L’AFPA ressemble à un navire qui sombre, petit à petit. Ses résultats se détériorent « de manière continue » depuis une dizaine d’années avec des « pertes cumulées », à partir de 2012, qui « atteignent 725 millions d’euros », selon un audit de l’inspection générale des affaires sociales (IGAS) et de l’inspection générale des finances (IGF), dont la synthèse a été présentée aux administrateurs, fin janvier. Le chiffre d’affaires dégringole et les effectifs déclinent, quelque 7 800 personnes travaillant dans l’agence aujourd’hui contre près de 11 000 en 2008 (une partie significative de la baisse étant imputable à des transferts de postes vers Pôle emploi).

Déconfiture

Plusieurs facteurs sont mis en avant par les syndicats pour expliquer cette déconfiture : notamment le fait d’avoir confié aux régions des prérogatives fortes en matière de formation des chômeurs, ainsi que l’ouverture de ce marché à la concurrence. Il en résulte une libéralisation sauvage, aux yeux des organisations de salariés, avec de multiples conséquences « délétères » : course au moins-disant sur les prix entre organismes, pertes de marchés, érosion des marges, etc.

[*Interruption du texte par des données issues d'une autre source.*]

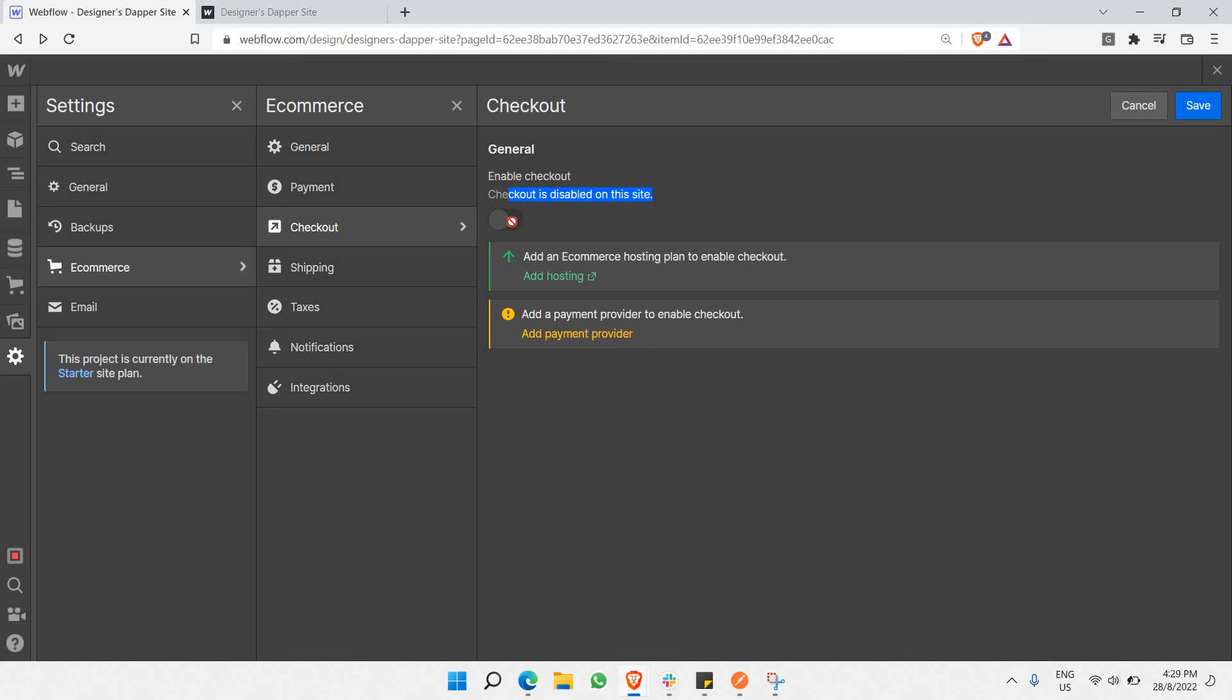This toggle button will only work when you have a hosting plan. Once you're done with this, you've completed everything. That's the whole idea of the website setup.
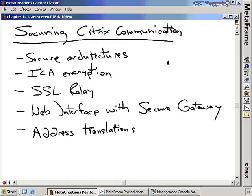Securing Citrix communication. Security is all the news these days and all over the place. We're doing patch management, locking down ports on firewalls, and doing everything we can to secure our internal networks from attack.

La mission IGAS-IGF relève d’autres fragilités : « le manque de compétitivité des prestations de l’AFPA pour certains secteurs », le niveau des rémunérations plus élevé que dans les organismes privés, les « rigidités » des règles qui compliquent les mutations (pour passer d’un lieu de travail à un autre ou d’une fonction à une autre), etc. Les résultats de l’AFPA présentent des écarts, d’une « systématicité » et d’une « ampleur » telles, avec ses prévisions financières que l’on peut « s’interroger sur [la] sincérité » de celles-ci, fustigent l’IGAS et l’IGF. Constat « orienté et injuste envers le personnel », estime Thierry Cheype, représentant (CFDT) des salariés, au CA. « Les conclusions semblaient écrites d’avance, renchérit son homologue de la CGT, Christian Filliot. Qui veut tuer son chien dit qu’il a la rage. »

Toujours est-il que des changements profonds se dessinent. Plusieurs options sont sur la table, avec des suppressions d’emplois plus ou moins massives selon les hypothèses (des sources syndicales ayant même évoqué 2 000 postes en moins). Au sein de l’exécutif, les analyses ne sont pas forcément convergentes : comme le fait remarquer un bon connaisseur du dossier, la direction du budget n’a guère envie d’entendre les « traditionnels appels au secours de l’AFPA » pour que l’Etat mette la main à la poche – d’autant moins que Bruxelles pourrait ne pas apprécier un tel coup de pouce, qui s’ajouterait à celui donné sous le quinquennat Hollande, avec un engagement de 220 millions d’euros sur cinq ans.